> _Task goal_:
What you give back should be only the lines from the one holding "Skechers Women's Retro" through the final line of the records, each reproduced exactly.

+++ Supplied information

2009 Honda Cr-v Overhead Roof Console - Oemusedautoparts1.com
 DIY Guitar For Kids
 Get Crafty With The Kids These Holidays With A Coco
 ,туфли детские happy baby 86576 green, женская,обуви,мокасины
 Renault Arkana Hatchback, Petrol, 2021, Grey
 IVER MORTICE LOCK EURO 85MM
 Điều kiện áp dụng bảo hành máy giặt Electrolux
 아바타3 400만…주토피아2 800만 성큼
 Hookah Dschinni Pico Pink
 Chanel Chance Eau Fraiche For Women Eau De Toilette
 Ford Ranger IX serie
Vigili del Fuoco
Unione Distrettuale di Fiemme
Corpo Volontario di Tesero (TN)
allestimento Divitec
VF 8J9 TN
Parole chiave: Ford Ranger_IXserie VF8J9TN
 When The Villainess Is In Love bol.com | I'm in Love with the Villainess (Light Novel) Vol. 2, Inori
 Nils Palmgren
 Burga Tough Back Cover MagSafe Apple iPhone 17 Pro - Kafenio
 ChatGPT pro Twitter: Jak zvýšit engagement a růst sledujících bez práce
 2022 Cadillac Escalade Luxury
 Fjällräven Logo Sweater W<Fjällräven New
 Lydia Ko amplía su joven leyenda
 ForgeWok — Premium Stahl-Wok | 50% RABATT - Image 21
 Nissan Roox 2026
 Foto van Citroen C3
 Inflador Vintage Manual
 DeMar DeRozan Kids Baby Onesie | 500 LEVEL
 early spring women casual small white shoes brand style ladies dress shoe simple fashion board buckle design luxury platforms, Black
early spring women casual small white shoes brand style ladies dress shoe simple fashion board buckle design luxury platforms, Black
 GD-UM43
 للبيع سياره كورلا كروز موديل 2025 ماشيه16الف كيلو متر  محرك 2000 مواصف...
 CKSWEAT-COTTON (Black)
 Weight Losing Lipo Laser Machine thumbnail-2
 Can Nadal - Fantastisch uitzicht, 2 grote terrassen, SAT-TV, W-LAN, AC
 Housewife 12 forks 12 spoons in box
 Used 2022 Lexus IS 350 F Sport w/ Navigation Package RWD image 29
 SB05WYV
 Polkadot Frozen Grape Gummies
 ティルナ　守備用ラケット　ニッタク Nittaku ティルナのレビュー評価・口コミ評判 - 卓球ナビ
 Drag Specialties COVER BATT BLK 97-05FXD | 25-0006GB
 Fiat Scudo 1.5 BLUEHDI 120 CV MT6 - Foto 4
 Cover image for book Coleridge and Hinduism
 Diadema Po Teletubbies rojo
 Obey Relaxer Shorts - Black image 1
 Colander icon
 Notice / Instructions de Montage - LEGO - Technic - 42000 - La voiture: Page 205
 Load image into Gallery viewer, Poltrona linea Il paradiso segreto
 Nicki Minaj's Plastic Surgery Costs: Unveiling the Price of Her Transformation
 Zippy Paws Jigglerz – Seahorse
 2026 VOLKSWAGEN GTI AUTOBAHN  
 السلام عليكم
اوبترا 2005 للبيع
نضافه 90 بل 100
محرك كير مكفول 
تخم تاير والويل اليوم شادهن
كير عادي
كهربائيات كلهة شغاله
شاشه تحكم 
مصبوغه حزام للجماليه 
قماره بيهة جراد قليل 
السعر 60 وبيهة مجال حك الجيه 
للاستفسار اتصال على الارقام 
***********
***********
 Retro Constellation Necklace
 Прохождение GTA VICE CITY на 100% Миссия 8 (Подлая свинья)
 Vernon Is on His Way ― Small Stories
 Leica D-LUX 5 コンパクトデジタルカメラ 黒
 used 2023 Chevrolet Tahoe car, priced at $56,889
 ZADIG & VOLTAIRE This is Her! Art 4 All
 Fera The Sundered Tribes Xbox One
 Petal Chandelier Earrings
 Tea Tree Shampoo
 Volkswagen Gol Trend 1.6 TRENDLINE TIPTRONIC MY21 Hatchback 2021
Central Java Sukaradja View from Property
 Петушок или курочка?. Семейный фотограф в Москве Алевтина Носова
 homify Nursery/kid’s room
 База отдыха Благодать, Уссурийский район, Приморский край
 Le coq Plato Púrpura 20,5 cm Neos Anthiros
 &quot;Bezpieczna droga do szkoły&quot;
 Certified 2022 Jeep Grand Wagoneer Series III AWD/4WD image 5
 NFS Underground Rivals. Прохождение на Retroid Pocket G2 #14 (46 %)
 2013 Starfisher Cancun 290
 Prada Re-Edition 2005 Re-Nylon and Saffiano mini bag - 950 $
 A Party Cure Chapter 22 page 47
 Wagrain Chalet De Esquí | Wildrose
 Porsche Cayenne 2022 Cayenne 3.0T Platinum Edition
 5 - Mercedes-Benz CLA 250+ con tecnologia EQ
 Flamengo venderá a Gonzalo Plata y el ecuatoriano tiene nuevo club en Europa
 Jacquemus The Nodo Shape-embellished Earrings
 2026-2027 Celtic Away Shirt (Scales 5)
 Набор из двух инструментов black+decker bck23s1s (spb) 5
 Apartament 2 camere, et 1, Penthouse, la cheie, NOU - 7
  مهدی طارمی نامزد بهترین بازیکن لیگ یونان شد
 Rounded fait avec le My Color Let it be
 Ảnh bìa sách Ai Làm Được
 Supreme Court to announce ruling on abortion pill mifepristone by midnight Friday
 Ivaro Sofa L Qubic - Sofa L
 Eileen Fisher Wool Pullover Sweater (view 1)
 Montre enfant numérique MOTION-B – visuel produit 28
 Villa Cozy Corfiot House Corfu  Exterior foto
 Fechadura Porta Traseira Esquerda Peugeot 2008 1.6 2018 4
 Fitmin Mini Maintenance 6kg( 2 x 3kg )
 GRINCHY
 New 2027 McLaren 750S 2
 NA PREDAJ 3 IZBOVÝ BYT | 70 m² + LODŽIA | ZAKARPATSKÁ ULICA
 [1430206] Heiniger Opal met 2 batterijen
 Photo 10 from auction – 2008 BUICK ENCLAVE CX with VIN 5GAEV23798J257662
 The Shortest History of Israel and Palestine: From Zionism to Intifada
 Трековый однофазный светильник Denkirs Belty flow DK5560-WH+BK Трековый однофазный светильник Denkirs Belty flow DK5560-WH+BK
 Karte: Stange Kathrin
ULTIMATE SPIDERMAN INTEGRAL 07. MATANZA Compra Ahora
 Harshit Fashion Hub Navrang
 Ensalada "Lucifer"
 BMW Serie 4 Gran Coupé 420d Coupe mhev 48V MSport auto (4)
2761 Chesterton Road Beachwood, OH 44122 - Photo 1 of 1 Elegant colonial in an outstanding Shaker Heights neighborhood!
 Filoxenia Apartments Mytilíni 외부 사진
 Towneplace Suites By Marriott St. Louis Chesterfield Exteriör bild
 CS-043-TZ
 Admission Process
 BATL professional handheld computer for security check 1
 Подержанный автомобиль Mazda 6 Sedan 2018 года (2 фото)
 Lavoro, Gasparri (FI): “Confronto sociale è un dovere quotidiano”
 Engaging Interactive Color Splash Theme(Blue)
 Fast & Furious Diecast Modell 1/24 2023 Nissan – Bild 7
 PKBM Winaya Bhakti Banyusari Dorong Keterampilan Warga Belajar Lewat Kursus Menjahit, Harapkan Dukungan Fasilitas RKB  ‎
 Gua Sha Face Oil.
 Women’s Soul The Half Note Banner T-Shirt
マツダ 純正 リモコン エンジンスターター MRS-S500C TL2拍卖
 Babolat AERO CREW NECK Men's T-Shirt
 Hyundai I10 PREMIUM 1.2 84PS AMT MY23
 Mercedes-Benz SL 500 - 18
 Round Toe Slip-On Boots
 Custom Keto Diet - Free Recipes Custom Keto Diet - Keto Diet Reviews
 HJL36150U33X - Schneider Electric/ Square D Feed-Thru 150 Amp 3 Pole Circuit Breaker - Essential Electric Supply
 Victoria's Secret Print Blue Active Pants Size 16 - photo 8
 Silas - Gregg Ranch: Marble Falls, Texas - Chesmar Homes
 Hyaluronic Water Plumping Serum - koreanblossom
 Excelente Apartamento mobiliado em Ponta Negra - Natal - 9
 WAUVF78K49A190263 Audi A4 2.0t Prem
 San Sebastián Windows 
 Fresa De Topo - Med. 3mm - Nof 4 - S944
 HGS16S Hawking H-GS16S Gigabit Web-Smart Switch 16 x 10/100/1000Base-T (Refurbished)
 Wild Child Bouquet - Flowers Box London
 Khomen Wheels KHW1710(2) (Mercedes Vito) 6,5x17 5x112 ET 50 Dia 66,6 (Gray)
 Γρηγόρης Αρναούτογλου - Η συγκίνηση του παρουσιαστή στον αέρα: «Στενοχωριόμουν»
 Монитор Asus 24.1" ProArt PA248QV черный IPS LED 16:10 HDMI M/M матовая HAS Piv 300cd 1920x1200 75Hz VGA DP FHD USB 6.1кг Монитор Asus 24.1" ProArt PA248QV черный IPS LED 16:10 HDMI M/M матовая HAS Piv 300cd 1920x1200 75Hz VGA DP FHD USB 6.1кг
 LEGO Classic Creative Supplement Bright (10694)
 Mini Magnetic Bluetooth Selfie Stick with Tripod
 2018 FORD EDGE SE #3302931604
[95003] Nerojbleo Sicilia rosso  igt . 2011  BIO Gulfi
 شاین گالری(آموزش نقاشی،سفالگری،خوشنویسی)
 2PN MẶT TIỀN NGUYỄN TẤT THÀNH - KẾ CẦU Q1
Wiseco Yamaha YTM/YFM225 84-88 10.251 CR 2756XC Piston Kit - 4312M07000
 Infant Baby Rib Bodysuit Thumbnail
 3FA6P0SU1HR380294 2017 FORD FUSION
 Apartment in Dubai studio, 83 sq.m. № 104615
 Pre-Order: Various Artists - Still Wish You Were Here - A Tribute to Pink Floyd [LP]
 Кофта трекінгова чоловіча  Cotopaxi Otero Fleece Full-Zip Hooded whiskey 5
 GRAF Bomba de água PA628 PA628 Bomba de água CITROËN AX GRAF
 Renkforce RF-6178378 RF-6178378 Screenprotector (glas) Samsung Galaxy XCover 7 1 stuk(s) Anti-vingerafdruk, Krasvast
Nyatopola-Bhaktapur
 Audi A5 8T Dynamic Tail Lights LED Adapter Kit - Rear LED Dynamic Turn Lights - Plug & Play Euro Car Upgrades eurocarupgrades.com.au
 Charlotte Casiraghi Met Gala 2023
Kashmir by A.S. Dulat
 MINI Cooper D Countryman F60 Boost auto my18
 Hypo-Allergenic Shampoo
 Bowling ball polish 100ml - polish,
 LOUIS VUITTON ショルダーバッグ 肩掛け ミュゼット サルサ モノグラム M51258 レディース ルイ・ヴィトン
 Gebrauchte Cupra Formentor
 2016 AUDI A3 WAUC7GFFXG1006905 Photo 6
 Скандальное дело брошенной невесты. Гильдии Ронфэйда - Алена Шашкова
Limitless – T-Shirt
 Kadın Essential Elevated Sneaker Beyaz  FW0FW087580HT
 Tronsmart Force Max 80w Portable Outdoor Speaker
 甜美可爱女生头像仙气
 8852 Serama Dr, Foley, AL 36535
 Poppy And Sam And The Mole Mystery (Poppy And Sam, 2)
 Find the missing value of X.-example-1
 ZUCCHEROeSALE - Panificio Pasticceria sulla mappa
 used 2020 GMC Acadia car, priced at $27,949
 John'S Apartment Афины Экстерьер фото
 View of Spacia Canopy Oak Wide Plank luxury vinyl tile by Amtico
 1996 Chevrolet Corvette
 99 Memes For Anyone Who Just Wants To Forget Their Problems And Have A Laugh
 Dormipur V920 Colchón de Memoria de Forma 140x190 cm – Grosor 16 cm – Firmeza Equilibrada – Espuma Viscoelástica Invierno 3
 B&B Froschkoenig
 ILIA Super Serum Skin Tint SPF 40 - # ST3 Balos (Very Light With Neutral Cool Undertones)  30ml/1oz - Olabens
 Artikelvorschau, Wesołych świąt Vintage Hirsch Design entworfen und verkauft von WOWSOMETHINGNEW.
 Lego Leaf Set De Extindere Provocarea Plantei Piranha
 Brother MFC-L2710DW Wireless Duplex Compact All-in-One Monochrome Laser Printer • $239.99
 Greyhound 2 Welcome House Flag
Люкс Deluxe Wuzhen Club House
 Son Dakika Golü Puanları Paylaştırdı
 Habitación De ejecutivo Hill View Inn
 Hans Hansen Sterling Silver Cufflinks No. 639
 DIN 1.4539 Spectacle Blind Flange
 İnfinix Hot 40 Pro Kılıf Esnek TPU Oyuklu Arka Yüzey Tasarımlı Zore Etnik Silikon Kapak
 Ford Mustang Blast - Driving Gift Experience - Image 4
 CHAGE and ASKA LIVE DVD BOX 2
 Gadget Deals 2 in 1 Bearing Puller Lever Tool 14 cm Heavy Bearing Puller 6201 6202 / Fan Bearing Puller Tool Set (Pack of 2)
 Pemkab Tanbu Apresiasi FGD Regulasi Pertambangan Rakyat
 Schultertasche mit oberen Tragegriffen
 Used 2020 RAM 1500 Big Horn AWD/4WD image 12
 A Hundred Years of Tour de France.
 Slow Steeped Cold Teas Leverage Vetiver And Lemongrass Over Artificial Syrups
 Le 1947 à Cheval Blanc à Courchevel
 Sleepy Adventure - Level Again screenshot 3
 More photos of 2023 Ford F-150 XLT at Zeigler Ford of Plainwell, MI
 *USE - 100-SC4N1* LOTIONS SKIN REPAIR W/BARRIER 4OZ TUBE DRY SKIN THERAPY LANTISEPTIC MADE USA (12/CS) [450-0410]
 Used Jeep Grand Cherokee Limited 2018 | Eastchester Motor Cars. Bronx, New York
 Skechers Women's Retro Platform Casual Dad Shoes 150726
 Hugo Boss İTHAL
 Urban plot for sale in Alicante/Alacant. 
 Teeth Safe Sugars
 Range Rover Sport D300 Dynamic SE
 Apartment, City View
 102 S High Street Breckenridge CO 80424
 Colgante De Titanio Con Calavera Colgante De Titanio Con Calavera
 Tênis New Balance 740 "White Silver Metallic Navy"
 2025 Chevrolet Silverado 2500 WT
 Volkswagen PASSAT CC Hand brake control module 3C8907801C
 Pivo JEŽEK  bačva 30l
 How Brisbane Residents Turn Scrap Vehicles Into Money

++++++

> _Answer to the problem_:
 Skechers Women's Retro Platform Casual Dad Shoes 150726
 Hugo Boss İTHAL
 Urban plot for sale in Alicante/Alacant. 
 Teeth Safe Sugars
 Range Rover Sport D300 Dynamic SE
 Apartment, City View
 102 S High Street Breckenridge CO 80424
 Colgante De Titanio Con Calavera Colgante De Titanio Con Calavera
 Tênis New Balance 740 "White Silver Metallic Navy"
 2025 Chevrolet Silverado 2500 WT
 Volkswagen PASSAT CC Hand brake control module 3C8907801C
 Pivo JEŽEK  bačva 30l
 How Brisbane Residents Turn Scrap Vehicles Into Money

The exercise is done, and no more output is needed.